Wer seine Herde bis in den Herbst hinein weiden lässt, nutzt die Futterflächen besser aus und erfreut sich obendrein an prallen Eutern. Das Gras ist in dieser Jahreszeit besonders eiweissreich. Parallel zur höheren Milchleistung steigt dann auch der Harnstoffgehalt in der Milch.
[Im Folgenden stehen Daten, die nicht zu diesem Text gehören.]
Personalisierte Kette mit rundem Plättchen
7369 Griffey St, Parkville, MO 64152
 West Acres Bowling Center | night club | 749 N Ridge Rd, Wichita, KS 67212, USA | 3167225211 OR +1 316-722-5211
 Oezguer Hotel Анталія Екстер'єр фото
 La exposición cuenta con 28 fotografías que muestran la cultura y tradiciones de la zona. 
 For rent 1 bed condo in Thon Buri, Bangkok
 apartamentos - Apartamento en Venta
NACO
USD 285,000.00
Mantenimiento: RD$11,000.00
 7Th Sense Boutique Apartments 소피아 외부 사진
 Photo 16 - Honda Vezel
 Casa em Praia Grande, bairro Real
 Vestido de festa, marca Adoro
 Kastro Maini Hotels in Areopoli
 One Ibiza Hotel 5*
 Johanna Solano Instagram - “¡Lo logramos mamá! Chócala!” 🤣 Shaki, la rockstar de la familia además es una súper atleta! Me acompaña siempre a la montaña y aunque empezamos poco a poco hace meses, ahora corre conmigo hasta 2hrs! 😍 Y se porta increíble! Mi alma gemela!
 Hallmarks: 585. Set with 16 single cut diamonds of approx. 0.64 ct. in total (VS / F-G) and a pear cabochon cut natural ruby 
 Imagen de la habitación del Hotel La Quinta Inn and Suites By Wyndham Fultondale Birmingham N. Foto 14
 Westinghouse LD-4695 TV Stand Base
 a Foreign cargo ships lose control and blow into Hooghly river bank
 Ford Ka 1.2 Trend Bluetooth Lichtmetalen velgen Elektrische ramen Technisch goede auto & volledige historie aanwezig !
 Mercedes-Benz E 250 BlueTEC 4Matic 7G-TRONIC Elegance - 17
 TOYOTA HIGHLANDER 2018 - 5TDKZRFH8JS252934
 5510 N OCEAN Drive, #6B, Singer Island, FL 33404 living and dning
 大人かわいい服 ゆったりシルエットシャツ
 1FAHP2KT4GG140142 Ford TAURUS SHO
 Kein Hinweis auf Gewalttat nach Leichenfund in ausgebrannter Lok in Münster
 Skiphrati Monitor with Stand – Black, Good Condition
Da liegt der Gedanke nahe, dass dieser Effekt auch einen positiven Einfluss auf die Fruchtbarkeit hat.
Diese vermeintliche Logik bezeichnet der FiBL-Tierarzt Christophe Notz als Irrtum und spricht bei einem erhöhten Harnstoffgehalt in der Milch von einem Fütterungsfehler: «Bereits 20 mg pro Deziliter haben einen negativen Einfluss auf die Fruchtbarkeit des Tiers.» Das pflanzliche Protein werde im Pansen bis auf die Stufe Ammoniak abgebaut. Erhielten laktierende Tiere vor oder während des Weidegangs zu wenig energiereiches Futter, könne nur ein Teil des Ammoniaks wieder zu Eiweiss aufgebaut werden, erklärt er. Das nicht genutzte Ammoniak zirkuliert im Tier und kann Entzündungen an der Gebärmutterschleimhaut oder an den Klauen verursachen. Zudem muss das überschüssige Ammoniak von der Leber zu Harnstoff entgiftet werden, was diese wiederum belastet.
Der Tierarzt rät deshalb, die Herde im Herbst nicht mit einem Heisshunger auf die Weide zu lassen. Um genügend Energie ins Tier hineinzubringen, eigne sich beispielsweise eine Ration Heu, Grünmais oder Maissilage. Die Milchleistung werde dadurch nicht herabgesetzt und die Tiergesundheit positiv beeinflusst.